Cinephilia: Opening This Week
In 1998 Werner Herzog made an acclaimed documentary called Little Dieter Needs to Fly about German-born Vietnam hero Dieter Dengler and his adventures as a US Navy pilot. He obviously had a big connection to that story as he has now gone back and made a feature about the most amazing chapter of Dengler’s life: the escape from a jungle-bound Viet Cong prison camp after 6 months of near starvation. The Dark Knight’s Christian Bale stars. Rialto exclusive.
Jack Nicholson and Morgan Freeman star together as two old men on their last legs in The Bucket List, directed by Rob Reiner. It opens today at Readings, Empire, Lighthouse Petone and Penthouse. Also, from the commercial department is teleporting adventure Jumper starring Hayden Christensen and Samuel L. Jackson. Rumours that the proposed sequels to Jumper will be called Sweater and Pullover are simply reckless. Readings, Empire, Regent-on-Manners.
[The rest of this week’s new releases after the jump]

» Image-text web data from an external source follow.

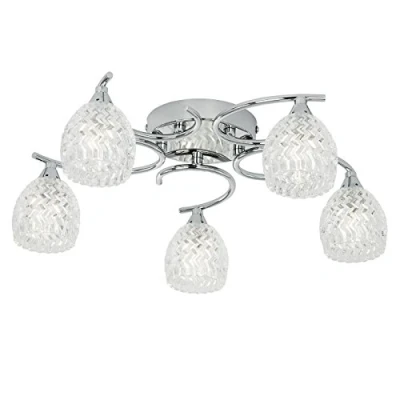 Image of Boyer 5 Light Semi Flush Multi Arm Ceiling Chrome, G9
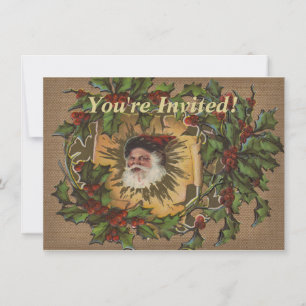 Invitation Père Noël Vintage Antique Houx Noël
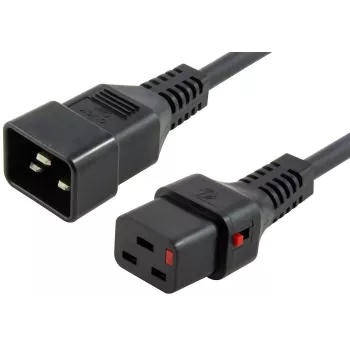 MICROCONNECT Locking Power Cord C20 į C19, 2,5 m, 16 A, juoda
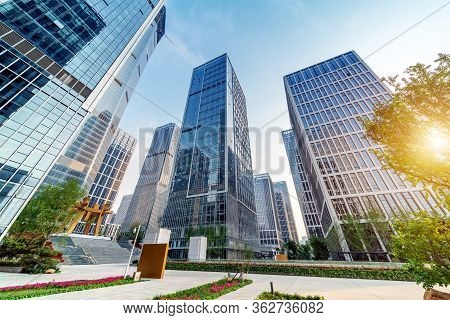 Park Plants And Modern Architecture, Jinan Cityscape, China.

If heavyweight urban drama is more your style, check out We Own The Night: Mark Wahlberg stars as a New York cop trying to save his deadbeat brother (Joaquin Phoenix) from the Russian mafia. The great Robert Duvall also features. Readings and Empire.

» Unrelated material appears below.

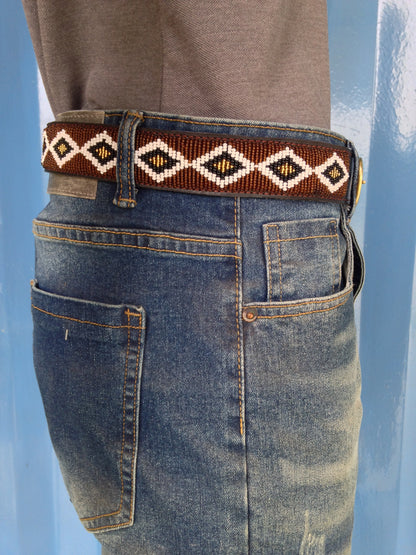 Handcrafted Maasai Belt - Brown Gold Geometric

The Paramount, despite it’s extensive Fringe duties, finds the space to open two films this week. Red Road is an indie drama from Scotland (by way of Lars von Trier’s Danish producers Zentropa) abut a CCTV operator in Glasgow who sees the last face on Earth that she expects in her monitor. Delirious stars Steve Buscemi as a low-rent paparazzi whose tenuous hold on reality slips even further when his homeless protégé (Michael Pitt) is discovered by a hot young star (Alison Lohmann). Written and directed by Tom DiCillo, whose Living in Oblivion is the best satire of Indie-film ever.

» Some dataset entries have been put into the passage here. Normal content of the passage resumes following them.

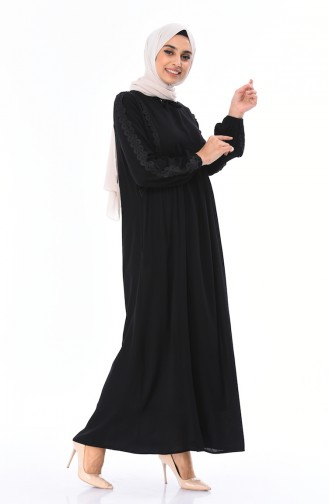 Dantel Detaylı Büzgülü Elbise 99203-05 Siyah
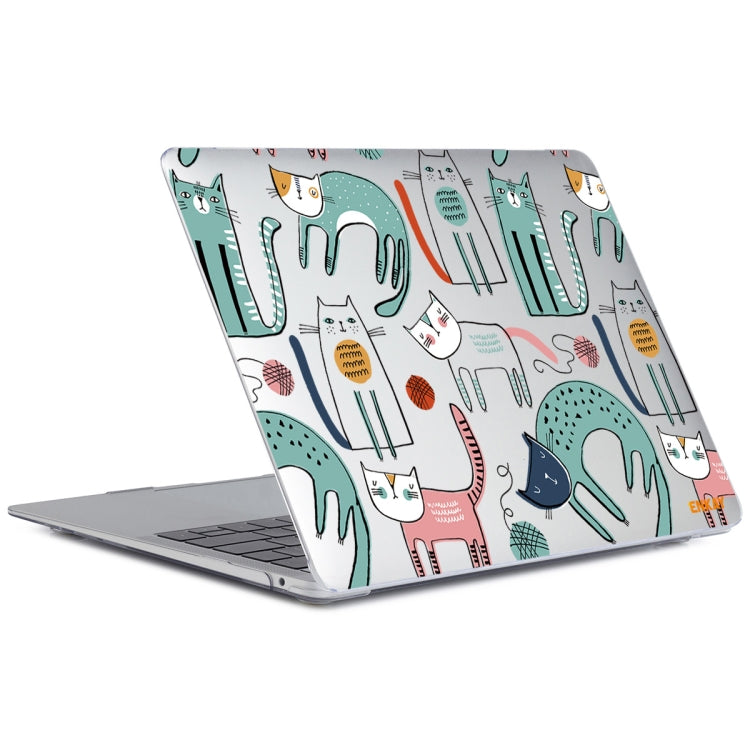 For MacBook Air 13.3 inch A1932 / A2179 / A2337 ENKAY Animal Series Pattern Laotop Protective Crystal Case(Thin Cat) - MacBook Air Cases by ENKAY | Online Shopping South Africa | PMC TechLife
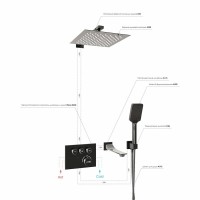 Душевая система WasserKRAFT Wiese A8458.182.200.186.195.202.176 Thermo, термостатическая, PVD оружейная сталь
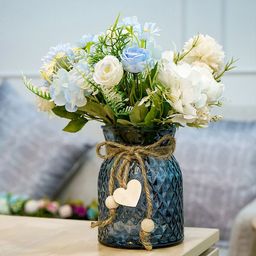 Ekhasa Blue Textured GlassVases-26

Goodbye Bafana is based on the memoirs of a South African prison guard whose 20 year relationship with one prisoner changed his attitudes and his life. The prisoner was Nelson Mandela and he is played by Dennis Haysbert who plays another President in the TV series 24. Joseph Fiennes is the guard and the film is directed by Bille August (festival favourite Pelle the Conqueror) Penthouse exclusive.
Red Road has already been reviewed at Funerals & Snakes, and reviews of the others will appear sometime around next Wednesday (and in the Capital Times on the same day).